Morbidity and even mortality correlate closely with major injury that causes a systemic inflammatory response. Cytokines and bioactive molecules present at the inflammatory site induce this response and regulate neutrophil proinflammatory responses. The CXC chemokines, important for neutrophil recruitment and activation, include interleukin 8 (IL-8), granulocyte chemotactic protein 2 (GCP-2), and epithelial cell-derived neutrophil attractant 78 (ENA-78). They induce neutrophil responses via 2 cell-surface receptors, CXCR-1 and CXCR-2. All 3 chemokines bind CXCR-2 with high affinity. Only IL-8 and GCP-2 bind CXCR-1 with high affinity.
The CXC chemokines regulate neutrophil responses differently.
Pretreatment of neutrophils from healthy volunteers with IL-8, GCP-2, or ENA-78; measured IL-8–induced migration; and tumor necrosis factor α (TNF-α)–induced peroxide production.

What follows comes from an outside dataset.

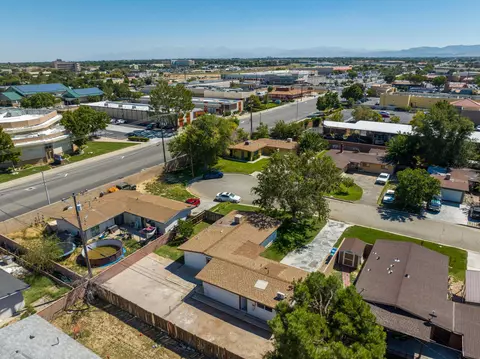 2011 Oldfield St W, Lancaster, CA 93536 photo 52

Flow cytometry and radioligand binding data indicate that IL-8, GCP-2, and ENA-78 equivalently reduced CXCR-1 and CXCR-2 cell surface expression by 34% to 54%. All treatments decreased affinity of both receptors 1.5- to 2-fold. However, only IL-8 pretreatment inhibited chemotaxis to 10-nmol/L IL-8 (mean ± SE inhibition, 62% ± 6%). Although IL-8 and GCP-2, but not ENA-78, suppressed TNF-α–induced oxidant production (mean ± SE inhibition, 42% ± 8% and 40% ± 23%, respectively), only GCP-2 inhibited the oxidative response to complement fragment C5a, and to the bacterial cell wall peptide N-formyl-methionyl-leucyl-phenylalanine.
The CXC chemokines regulate neutrophil proinflammatory functions differently. A thorough understanding of mechanisms for modulating neutrophil responses in inflammation will aid the development of interventions that reduce morbidity and mortality associated with severe trauma and sepsis.